I have to prove:
An infinite subset of a denumerable set is denumerable.
I understand this has been asked before and I did take the time to read what was said there, but I do not understand still.
I have to prove this using other theorems about denumerable or countable sets, nothing too complex for this proof.
Suppose that the subset is not a countable infinite set, so if you prove that your subset $A$ must be more than countable in order to be infinite you have done, because then it can't be a subset of you denumerble set.

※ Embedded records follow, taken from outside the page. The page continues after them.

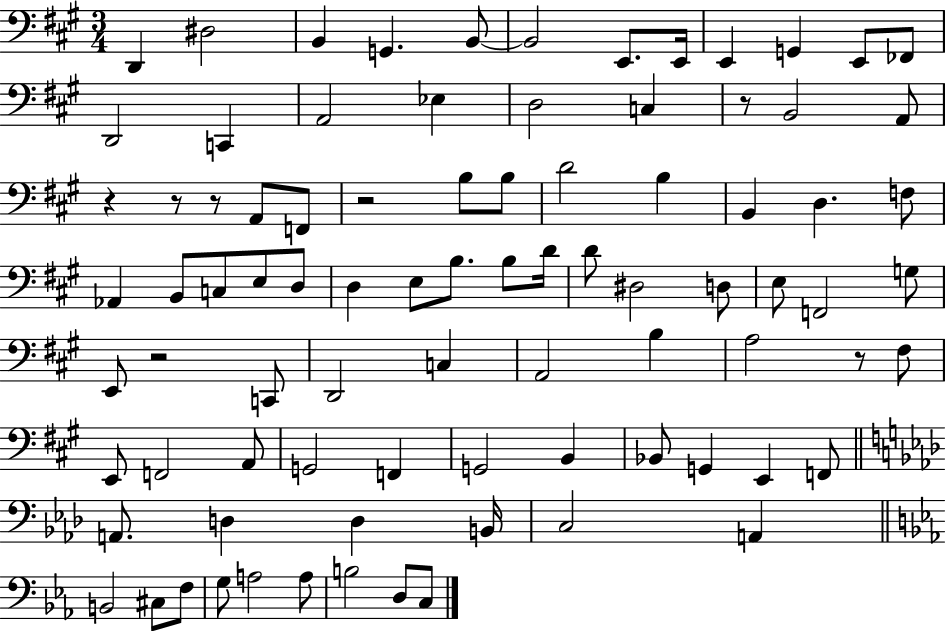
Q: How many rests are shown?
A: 7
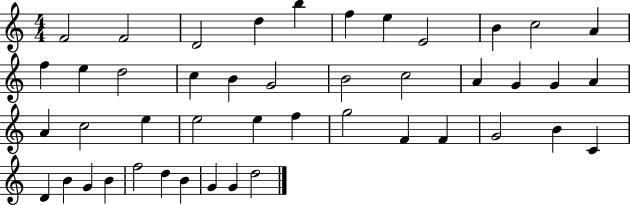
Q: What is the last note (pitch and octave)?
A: D5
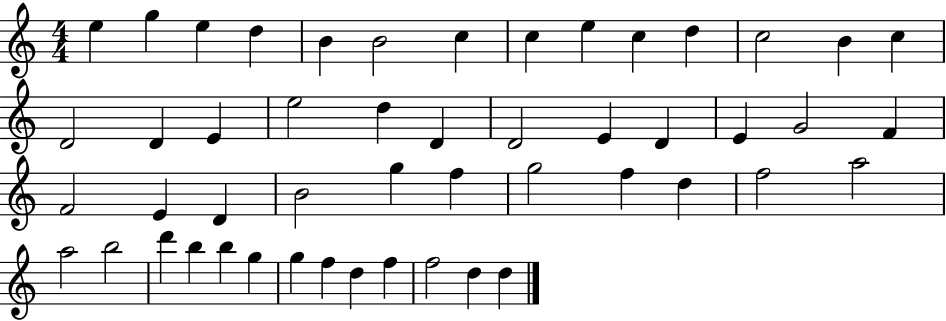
E5/q G5/q E5/q D5/q B4/q B4/h C5/q C5/q E5/q C5/q D5/q C5/h B4/q C5/q D4/h D4/q E4/q E5/h D5/q D4/q D4/h E4/q D4/q E4/q G4/h F4/q F4/h E4/q D4/q B4/h G5/q F5/q G5/h F5/q D5/q F5/h A5/h A5/h B5/h D6/q B5/q B5/q G5/q G5/q F5/q D5/q F5/q F5/h D5/q D5/q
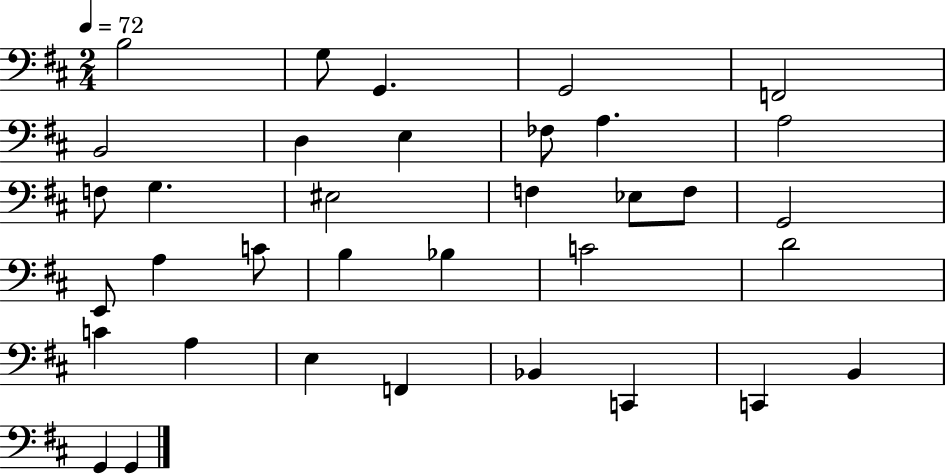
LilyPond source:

{
  \clef bass
  \numericTimeSignature
  \time 2/4
  \key d \major
  \tempo 4 = 72
  b2 | g8 g,4. | g,2 | f,2 | \break b,2 | d4 e4 | fes8 a4. | a2 | \break f8 g4. | eis2 | f4 ees8 f8 | g,2 | \break e,8 a4 c'8 | b4 bes4 | c'2 | d'2 | \break c'4 a4 | e4 f,4 | bes,4 c,4 | c,4 b,4 | \break g,4 g,4 | \bar "|."
}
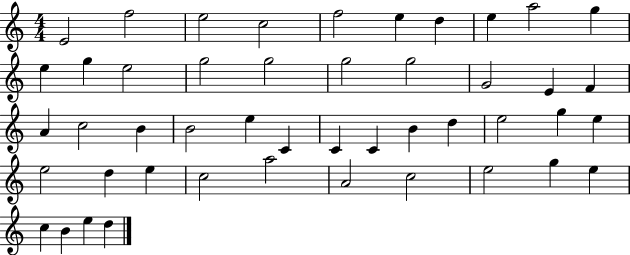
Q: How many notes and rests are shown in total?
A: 47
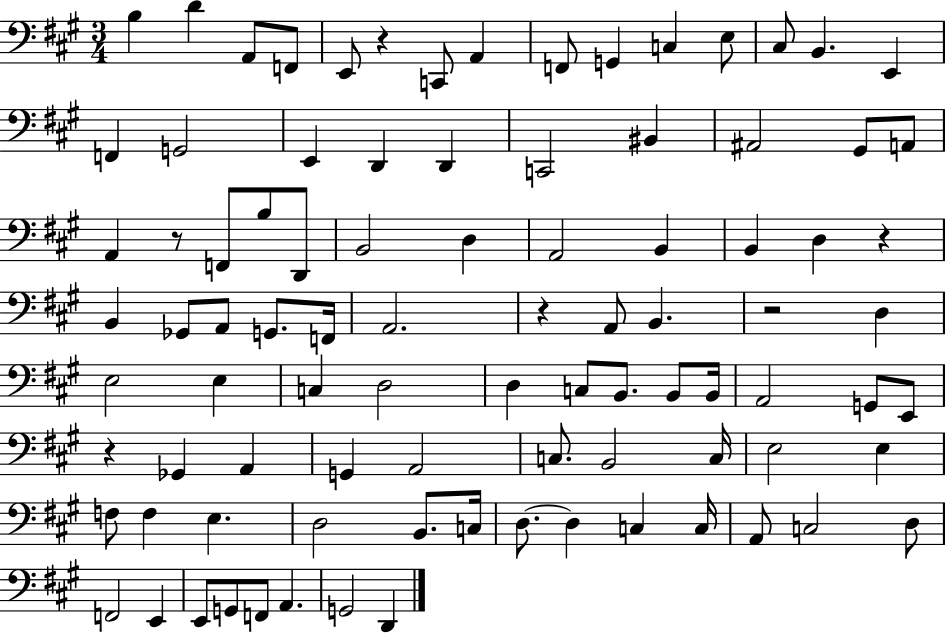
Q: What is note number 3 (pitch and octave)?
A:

Suppose that there exists an infinite set $B$ whose cardinality is less than the cardinality of the natural numbers that is infinite; so there exists an injective function $f: B \rightarrow \mathbb N$: its image is infinite by hypothesis, and it is a subset of the natural numbers so it has a minimum $x_0$: associate this minimum with $0$ and then consider the set $f(B)\setminus x_0$ and iterate considerating the new minimum $x_1$; your process never ends because $f(B)$ is infinite. So we have shown that there is a bijection between $B$ and $\mathbb N$, that is what we wanted to prove.
One of the many possible proofs:
If a set $A$ is denumerable, then there is a bijection $f:A\rightarrow \mathbb N$
So if $B\subseteq A$,the restriction of $f$ to $B$, which is $f:B\rightarrow \mathbb N$ is $1:1$
On the other side, if $B$ is infinite, we can construct an $1:1$ function $g:\mathbb N\rightarrow B$ by defining $f(0)=x_0\in B$, then $f(1)=x_1\in B-\{x_0\}$, and so on by induction.
So by Schröder–Bernstein there is a bijection between $B$ and $\mathbb N$, which makes $B$ denumerable.